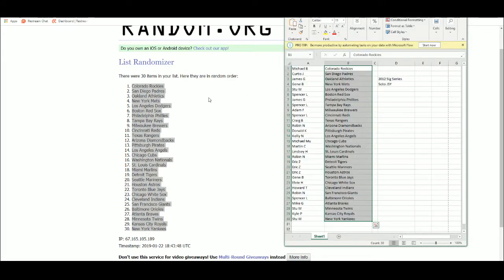Alright, so we've got Michael B. with the Rockies, Curtis J. Padres, James G. A's, Gene B. with the Mets, Stu W. with the Dodgers, Spencer L. Red Sox, James G. with the Phillies, Spencer L. with the Rays, Adam F. Brewers, Spencer L. with the Reds, Craig B. Rangers, Robin N. with the Diamondbacks, Donald K. with the Pirates, Kellyanne Angels, Michael M. Cubs, Martin C. with the Nationals, Lindsey H. with the Cardinals, Robin N. Marlins, Eric Z. Tigers, Mariners, and Astros.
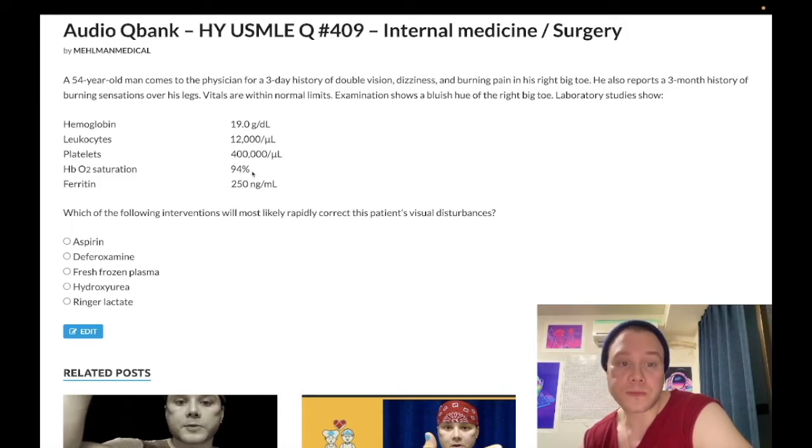Hemoglobin saturation is low at 94% — we want as close to 100% as possible. 93% or below and patients should be in the hospital. I'll explain this as we move through the question. Ferritin is normal. For USMLE, ferritin is the most sensitive marker for iron levels: under 15 is iron deficiency anemia, 300 or greater is hemochromatosis. If USMLE wants hemochromatosis, they will give you 300 or greater.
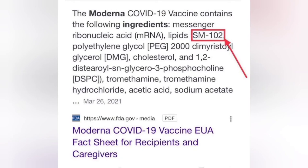SM-102 is a chemical that is in the Moderna COVID-19 vaccine. The other ingredients, or some of the other ingredients in this vaccine, are messenger ribonucleic acid — mRNA — lipids, the SM-102, polyethylene glycol PEG-2000, dimethyl, glycerol DMG.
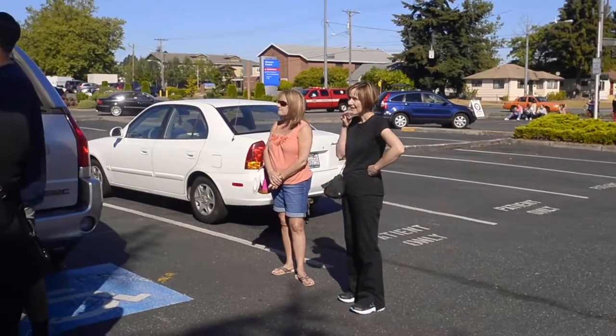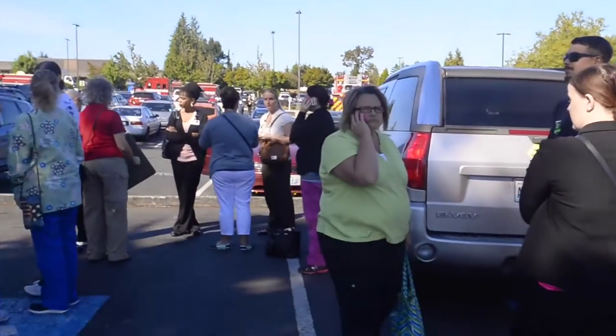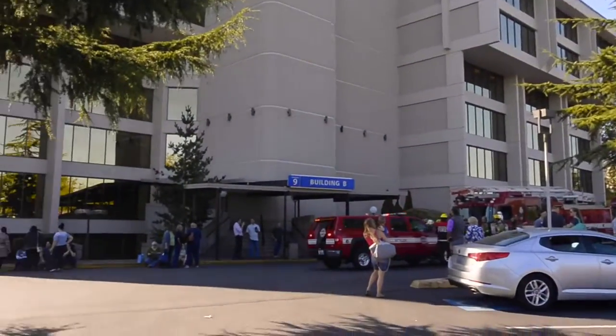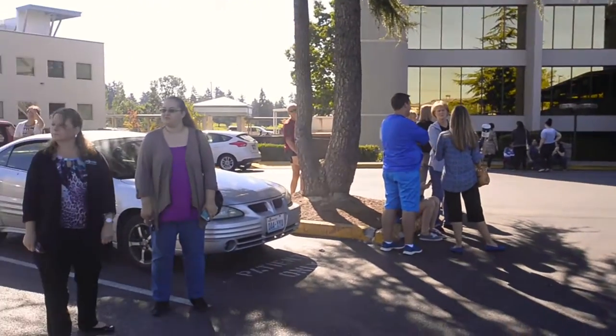At approximately 9:30 this morning, we responded to this medical facility here at 1901 South Union Avenue. Crews arrived to find a strong chemical-type odor in portions of the building, and some patients were reporting mild respiratory irritations.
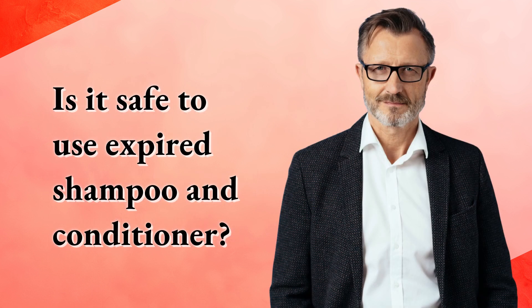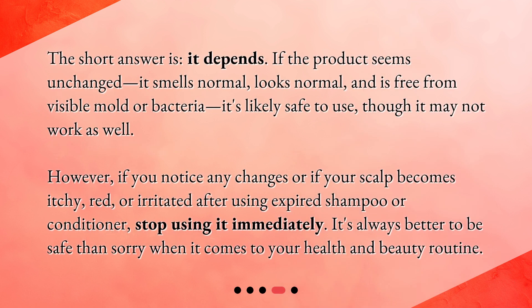Is it safe to use expired shampoo and conditioner? The short answer is: it depends. If the product seems unchanged — it smells normal, looks normal, and is free from visible mold or bacteria — it's likely safe to use, though it may not work as well. However, if you notice any changes, or if your scalp becomes itchy, red, or irritated after using expired shampoo or conditioner, stop using it immediately. It's always better to be safe than sorry when it comes to your health and beauty routine.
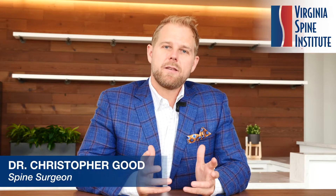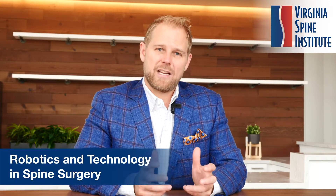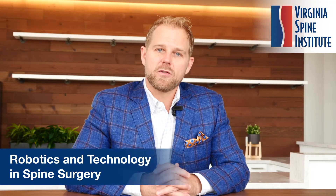Hi, I'm Chris Good and I'm a spine surgeon at the Virginia Spine Institute. I just want to talk to you about something I'm extremely passionate about, and that is the use of robotics and technology in spine surgery. I've been lucky to be part of leading the evolution of spine surgery in the field of robotics, and what's going on with robotics right now is probably the single most important thing that we're looking at — revolutionizing the future of spine surgery and our ability to care for our patients.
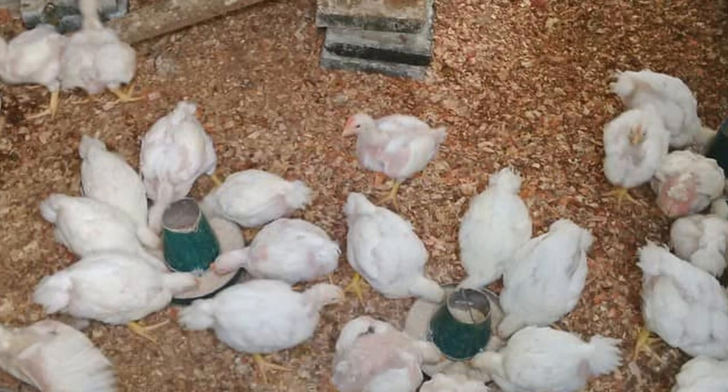Another thing there will be lots of? Poop. Even worse than your laying birds — these birds poop a lot, and with high protein levels, the poop is extra smelly, so be prepared for that.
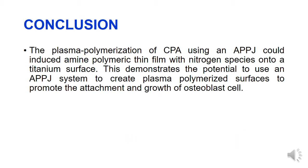The plasma polymerization of cyclopropyl amine using an atmospheric pressure plasma jet could induce an amine polymeric thin film with nitrogen species onto a titanium surface. This demonstrates the potential to use an atmospheric pressure plasma jet system to create plasma polymerized surfaces to promote the attachment and growth of osteoblast cells.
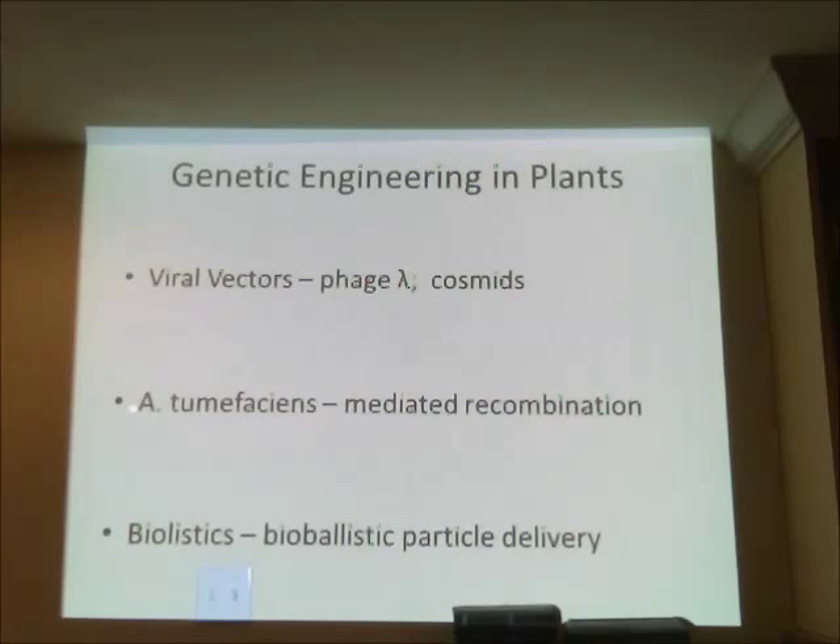Another method uses Agrobacterium tumefaciens, resulting in mediated recombination. This bacterium causes crown gall disease — a tumor that forms on plant stems — by actually inserting its own genes into the plant. Scientists can genetically modify A. tumefaciens, remove the genes harmful to the plant, and introduce beneficial genes instead, allowing the bacterium to deliver the desired DNA. This is a commonly used method.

PROMPT =>
Your answer must be the lines from the one containing "The plasma polymerization" through the last line of the records, printed exactly with no pictures; please include both ends.

RESPONSE BOX =>
The plasma polymerization of cyclopropyl amine using an atmospheric pressure plasma jet could induce an amine polymeric thin film with nitrogen species onto a titanium surface. This demonstrates the potential to use an atmospheric pressure plasma jet system to create plasma polymerized surfaces to promote the attachment and growth of osteoblast cells.
Another method uses Agrobacterium tumefaciens, resulting in mediated recombination. This bacterium causes crown gall disease — a tumor that forms on plant stems — by actually inserting its own genes into the plant. Scientists can genetically modify A. tumefaciens, remove the genes harmful to the plant, and introduce beneficial genes instead, allowing the bacterium to deliver the desired DNA. This is a commonly used method.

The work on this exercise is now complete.